▶ [Problem statement]:
Using the listing below, please print exactly the lines from the one with "OMG Любим ЛСД экстази кислота" through the one with "Хоккей. Карточка Джесси". Leave out every picture.

::: Raw data :::

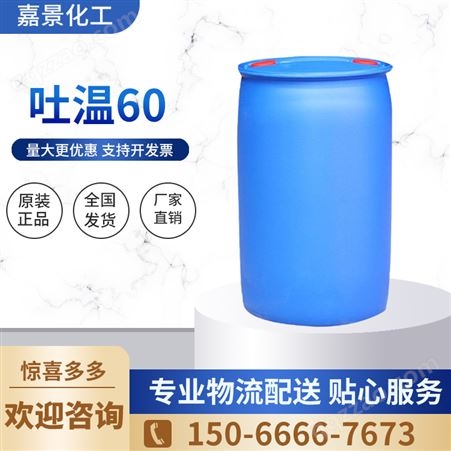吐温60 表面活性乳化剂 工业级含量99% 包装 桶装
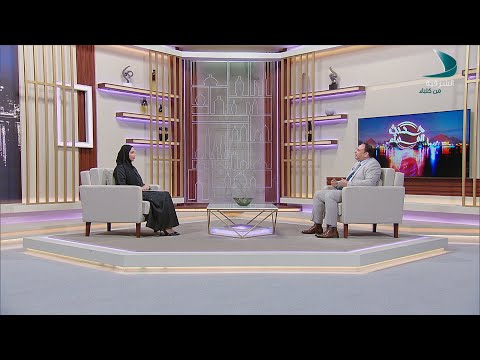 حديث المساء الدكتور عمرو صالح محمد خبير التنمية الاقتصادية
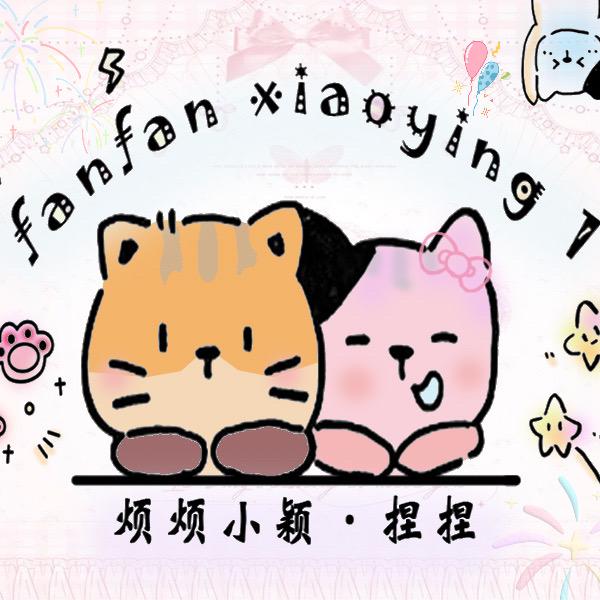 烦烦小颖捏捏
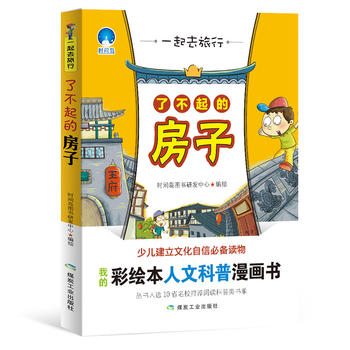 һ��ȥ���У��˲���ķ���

:::
::: Raw data :::

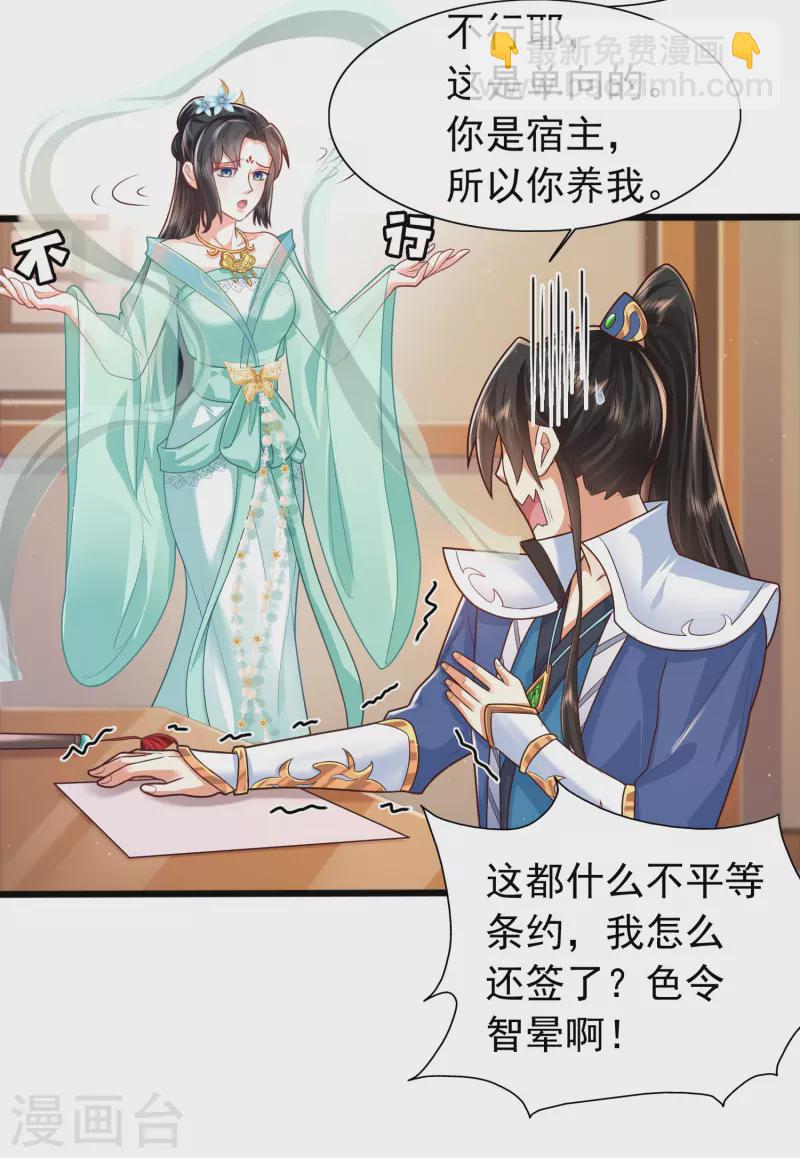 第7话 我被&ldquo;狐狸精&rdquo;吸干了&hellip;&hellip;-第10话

:::
::: Raw data :::

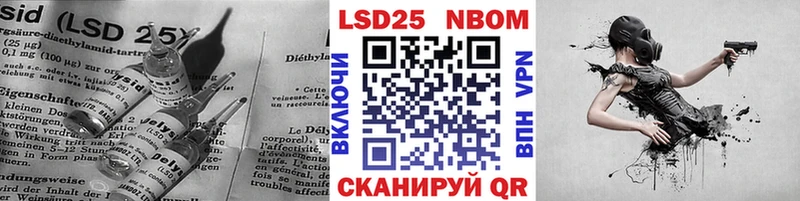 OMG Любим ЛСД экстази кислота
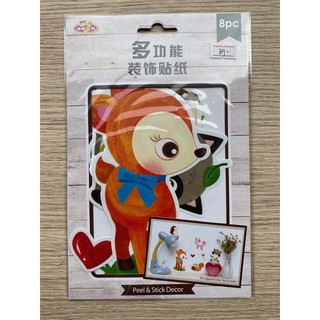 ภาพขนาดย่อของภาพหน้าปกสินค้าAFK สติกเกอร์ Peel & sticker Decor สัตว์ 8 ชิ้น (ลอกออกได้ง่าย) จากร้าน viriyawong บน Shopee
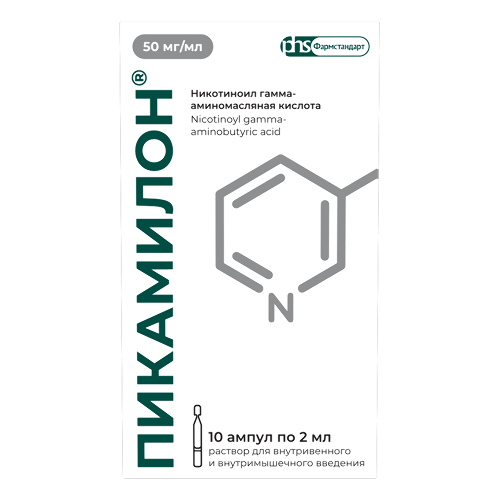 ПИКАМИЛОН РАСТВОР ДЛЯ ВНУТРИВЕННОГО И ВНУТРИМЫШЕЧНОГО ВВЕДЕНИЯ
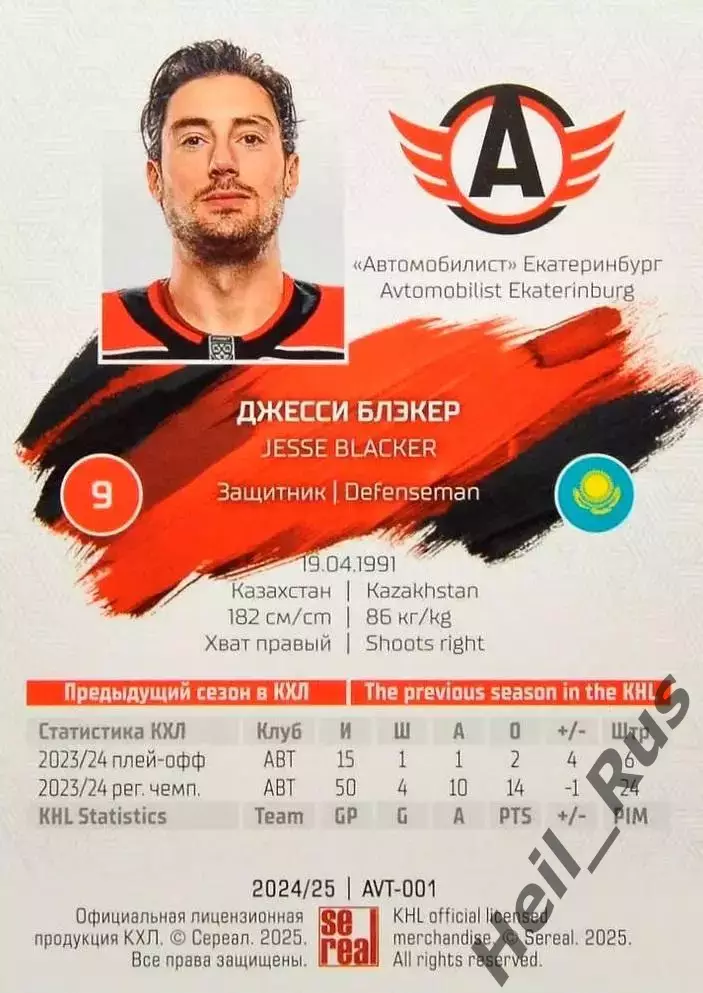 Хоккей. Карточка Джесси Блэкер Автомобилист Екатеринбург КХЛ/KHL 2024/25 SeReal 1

:::

▶ [Response to this exercise]:
 OMG Любим ЛСД экстази кислота
 ภาพขนาดย่อของภาพหน้าปกสินค้าAFK สติกเกอร์ Peel & sticker Decor สัตว์ 8 ชิ้น (ลอกออกได้ง่าย) จากร้าน viriyawong บน Shopee
 ПИКАМИЛОН РАСТВОР ДЛЯ ВНУТРИВЕННОГО И ВНУТРИМЫШЕЧНОГО ВВЕДЕНИЯ
 Хоккей. Карточка Джесси Блэкер Автомобилист Екатеринбург КХЛ/KHL 2024/25 SeReal 1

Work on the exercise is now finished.